--- START ---
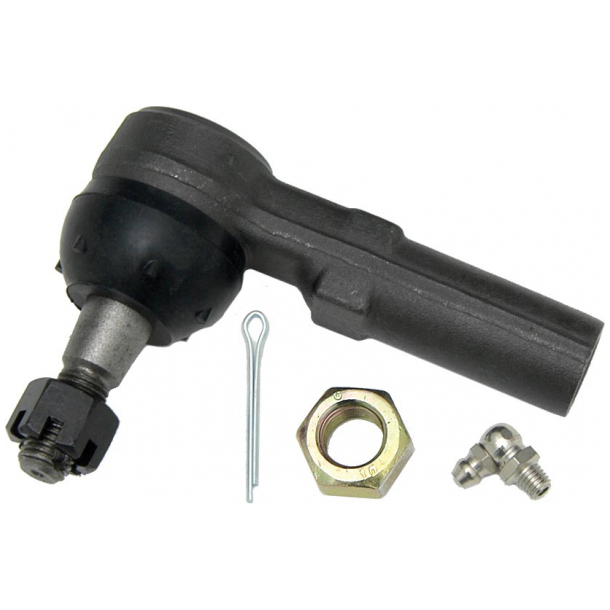 Tie Rod End Front/Rear Outer 1986-1996 Corvette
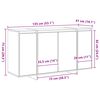 Product Thumbnail Image 13 of 15
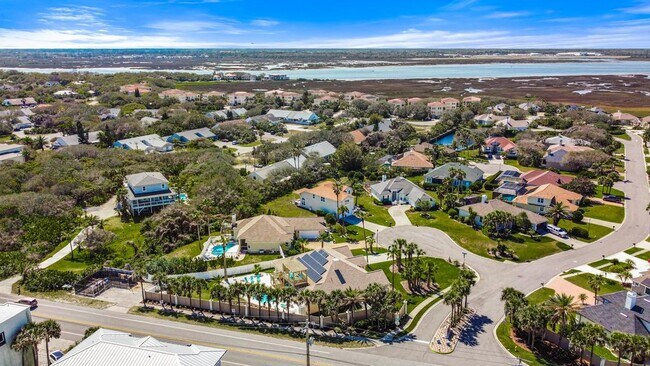 Building Photo - 200 Islamarada Ct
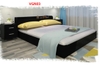 giuong-ngu-go-mdf-kieu-dang-don-gian-hien-dai-vgn03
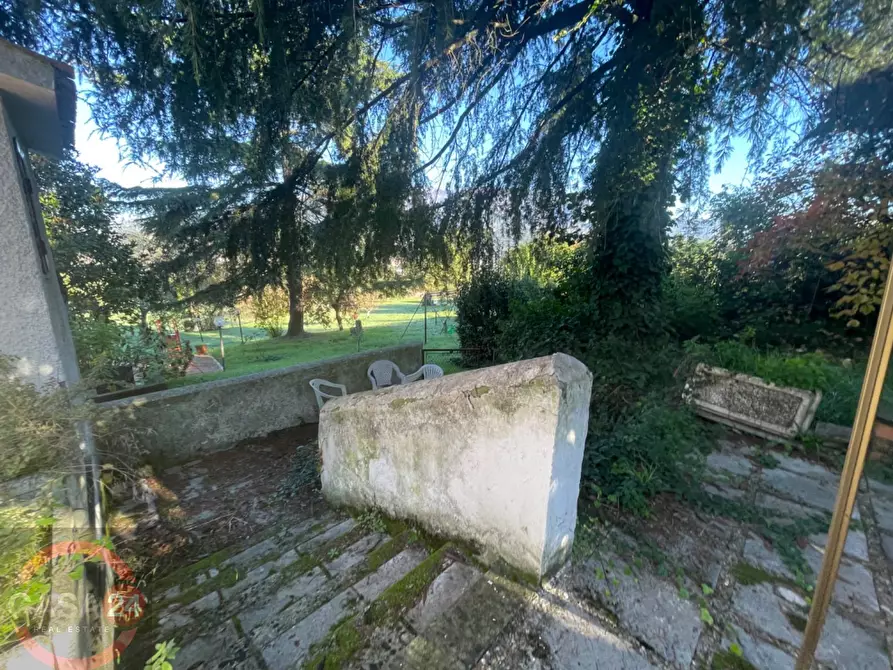 Immagine 12 di Villetta a schiera in vendita  in via variante a Sezze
--- END ---
YOUR ASSIGNMENT:
Could you please repeat the entries above exactly, with every picture left out?

OUTPUT BELOW:
 Tie Rod End Front/Rear Outer 1986-1996 Corvette
 Product Thumbnail Image 13 of 15
 Building Photo - 200 Islamarada Ct
 giuong-ngu-go-mdf-kieu-dang-don-gian-hien-dai-vgn03
 Immagine 12 di Villetta a schiera in vendita  in via variante a Sezze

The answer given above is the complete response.